In the following example, an nginx ingress controller is used with specific permissions:
apiVersion: v1
kind: Pod
metadata:
  name: nginx-ingress-security-context-demo
  namespace: ingress-nginx
spec:
  securityContext:
    fsGroup: 33
  serviceAccountName: nginx-ingress-serviceaccount
  containers:
  - name: nginx-ingress-controller
    image: nginx-ingress-controller:0.26.1
    args:
      - /nginx-ingress-controller
      - --ingress-class=dos-nginx-controller-3
      - --annotations-prefix=nginx.ingress.kubernetes.io
    securityContext:
      allowPrivilegeEscalation: true
      capabilities:
        drop:
         - ALL
        add:
         - NET_BIND_SERVICE
      runAsUser: 33
    ports:
      - name: http
        containerPort: 80
        protocol: TCP
      - name: https
        containerPort: 443
        protocol: TCP

Here is a full example: https://raw.githubusercontent.com/kubernetes/ingress-nginx/nginx-0.26.1/deploy/static/mandatory.yaml

If you see the highlighted/bold part in the above template, you will see that the container is adding the Linux capability `CAP_NET_BIND_SERVICE` via the securityContext. At the same time, the template is also defining to run this container as user 33 (www-data) via runAsUser:33.  

However, after persistent disk resizes and cluster upgrades, when we check the capabilities on the running process in the container, we see the permitted and effective capabilities are removed from the file and the process.

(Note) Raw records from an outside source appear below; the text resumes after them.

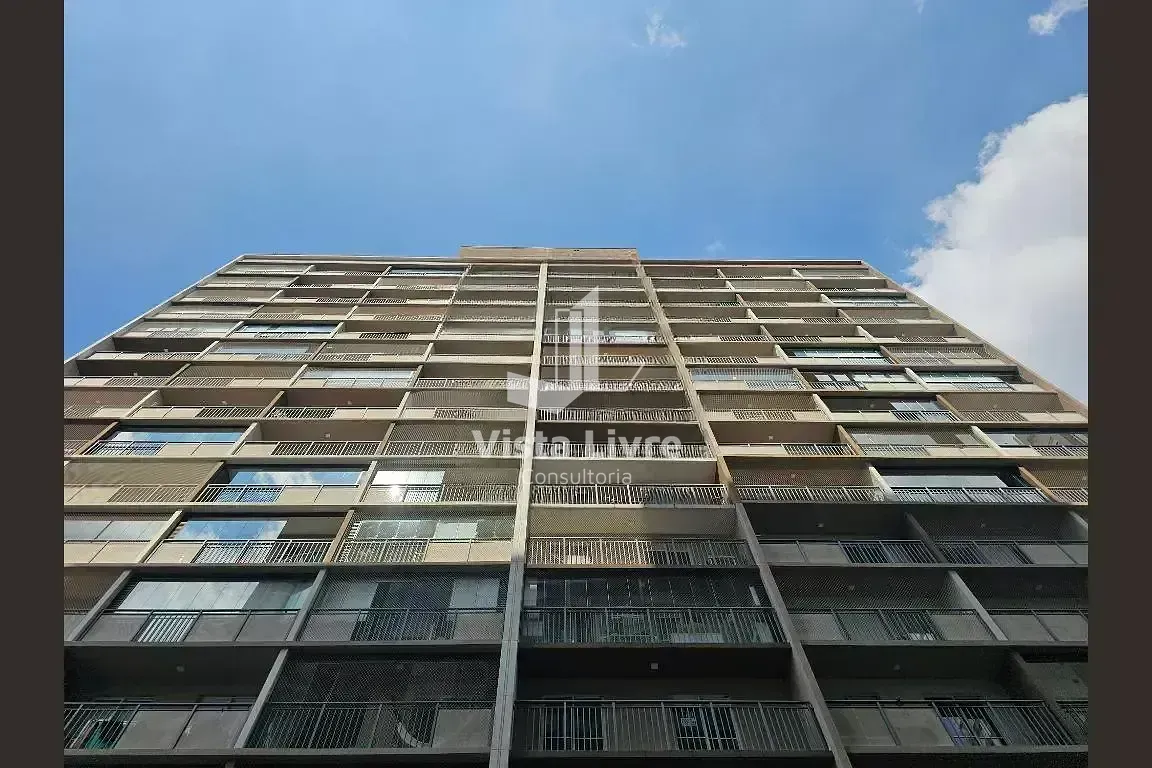 Apartamento, 1 quarto, 32 m² - Foto 34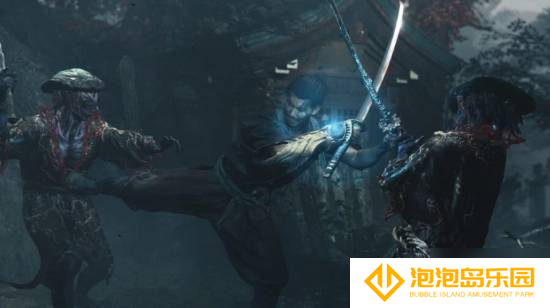 《鬼武者:剑之道》有弹反机制!目的是各类人都能通关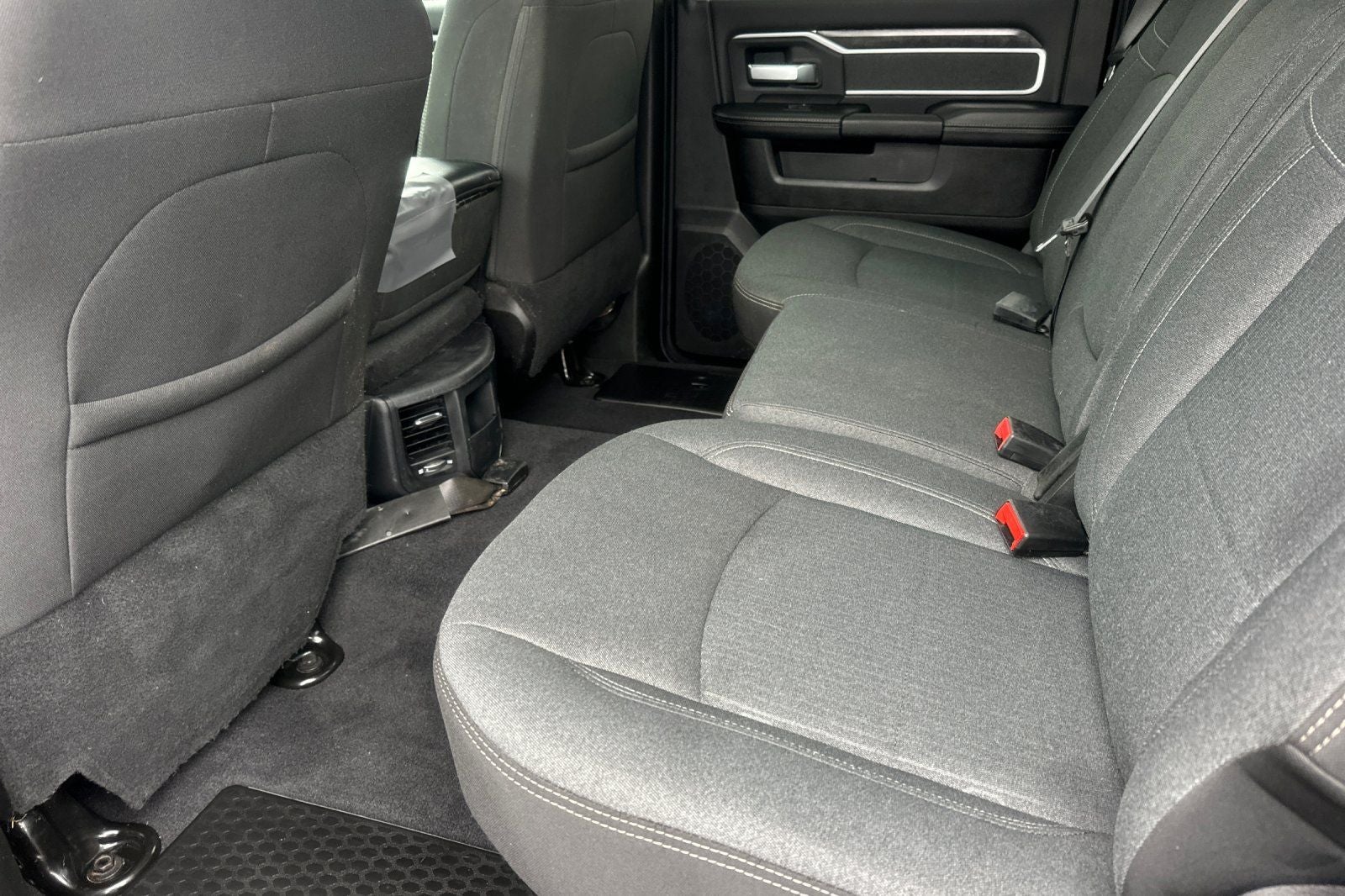 2019 RAM 3500 Big Horn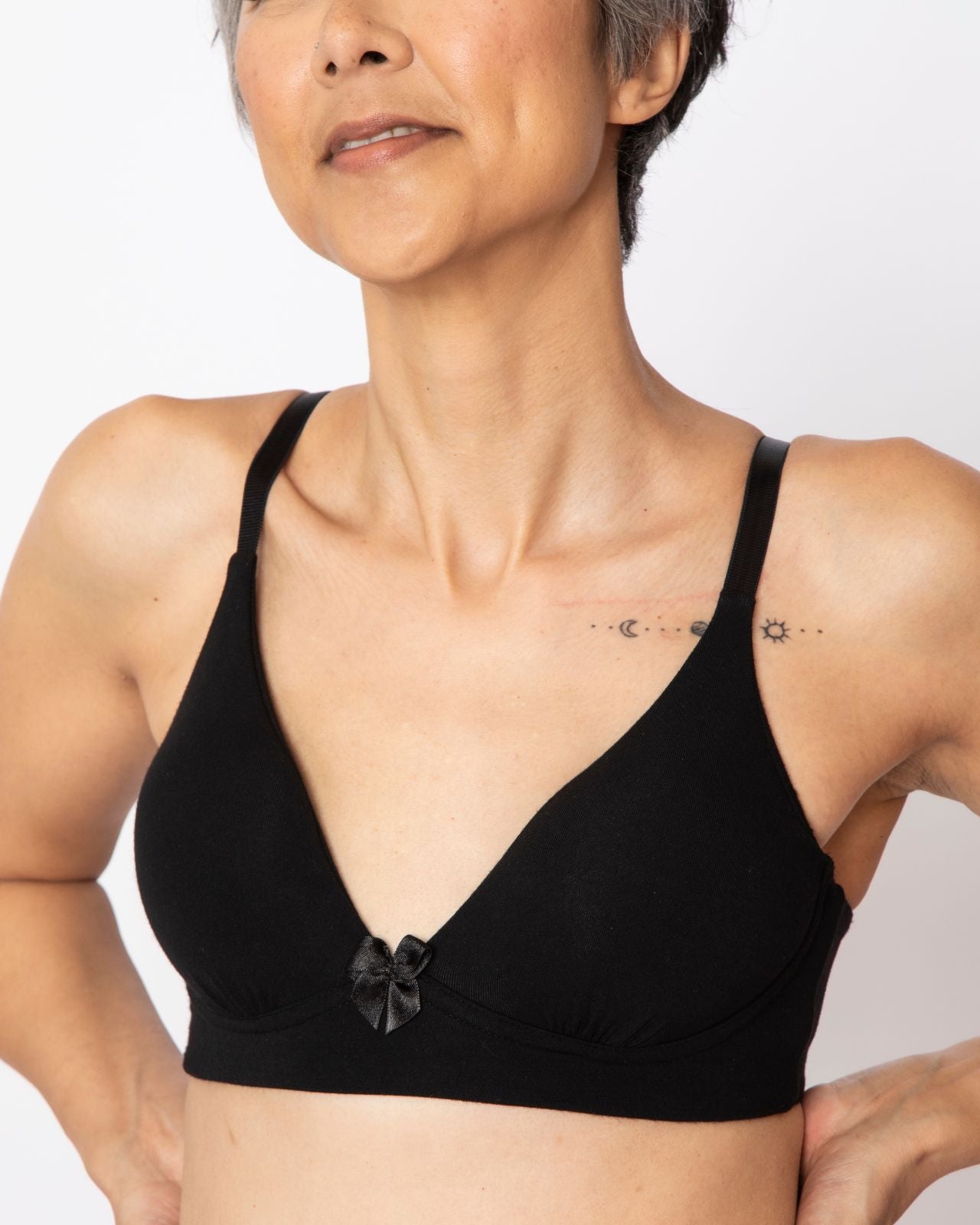 Molly Plunge Bra、mySite、bengalsvssteelers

The container fails to start with:
Error: exit status 1
nginx: the configuration file /tmp/nginx-cfg488150005 syntax is ok
2019/07/31 11:48:34 [emerg] 81#81: bind() to 0.0.0.0:80 failed (13: Permission denied)


Environment

Product Version: 1.7

Resolution

This issue was discovered in https://github.com/helm/charts/issues/15994#issuecomment-545986998

When persistent disk size is increased from the plan, this is applied to the workers' process with the upgrade as follows. 

BOSH creates new persistent disk and attaches it to the worker, then completes the migration process where it runs number of scripts to move all persistent data from the old to the new disk. 

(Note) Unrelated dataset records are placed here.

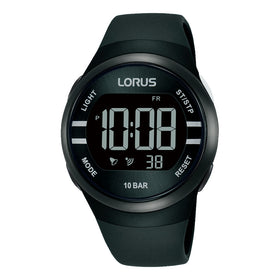 Lorus Digital Sports Watch R2333NX9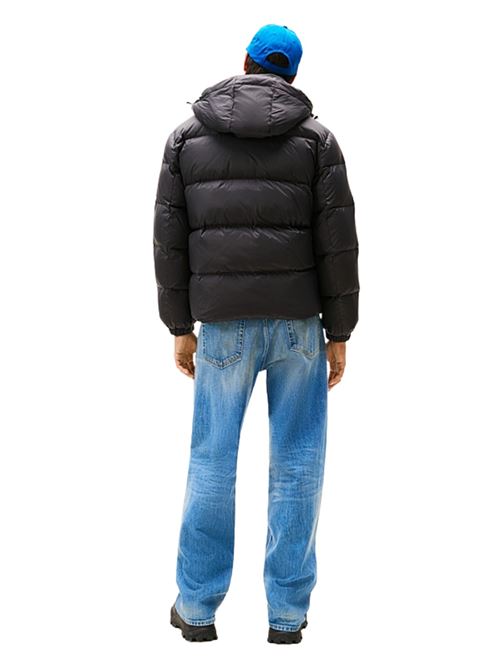 Piumino idrorepellente Tommy Jeans | DM0DM19786BDS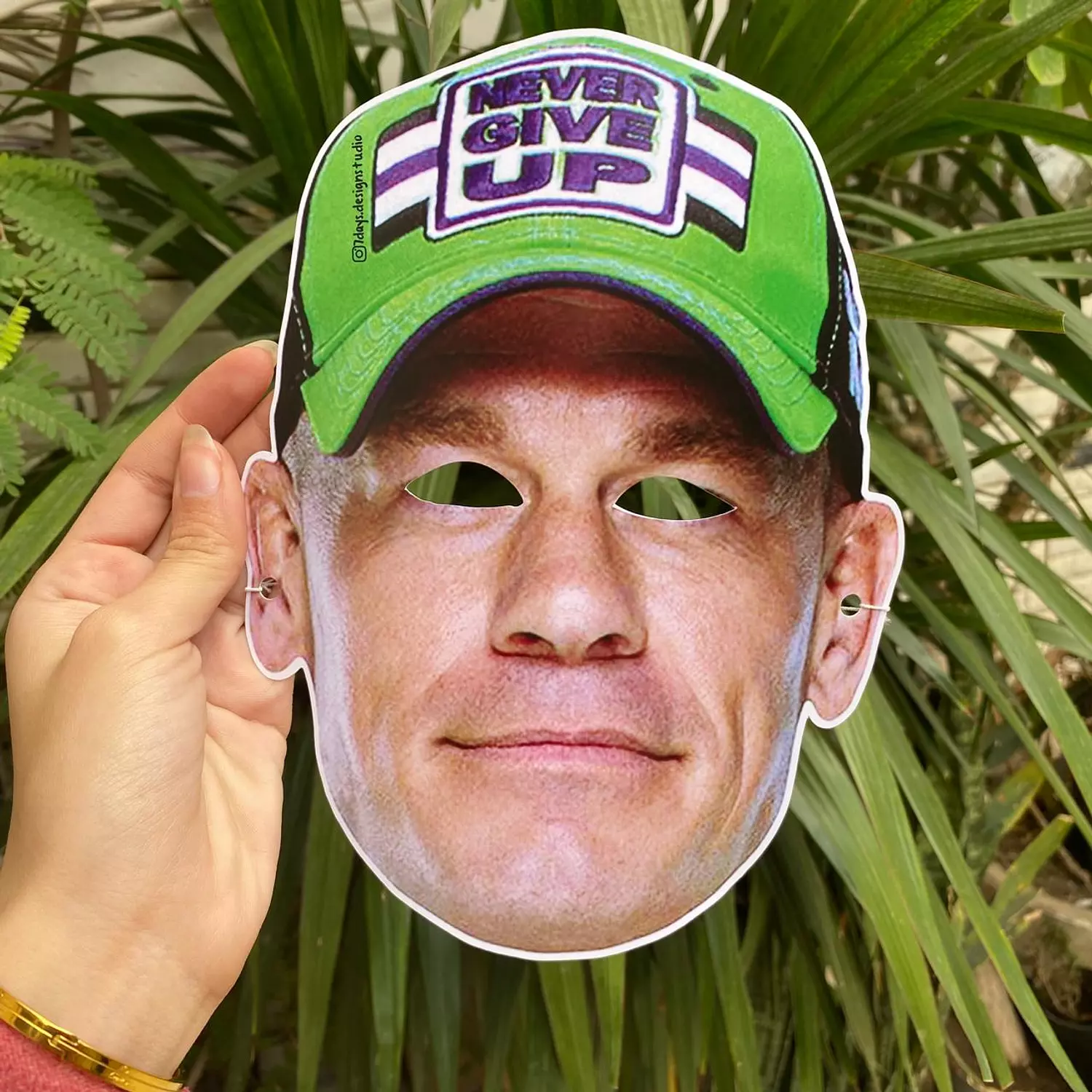 John Cena 4 Fun Games    5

It seems that there are specific setting on the docker image that are omitted during the migration process. which leads to lost in permissions. The problem is related to the nginx docker image doing some operations during the initial startup to grant itself permission on the OS. However, those operations are performed as a docker layer. If those layers are cached, they won't run again. By migrating the data from the old to the new disk, the cached docker images are there, but the operations that the docker image performed did not run again: https://github.com/kubernetes/ingress-nginx/blob/master/rootfs/Dockerfile#L46-L50 

Steps to to Workaround the problem:

1. Scale stateful set to 0. The same can be done for deployment as well.
2. Find all images on the workers' docker image list 
3. Remove the image from the workers' docker rmi nginx-ingress-controller:0.26.1
4. Make sure the image is removed from all workers.
5. Scale the stateful set to desired number 

Docker will pull the image again and will perform permission updates.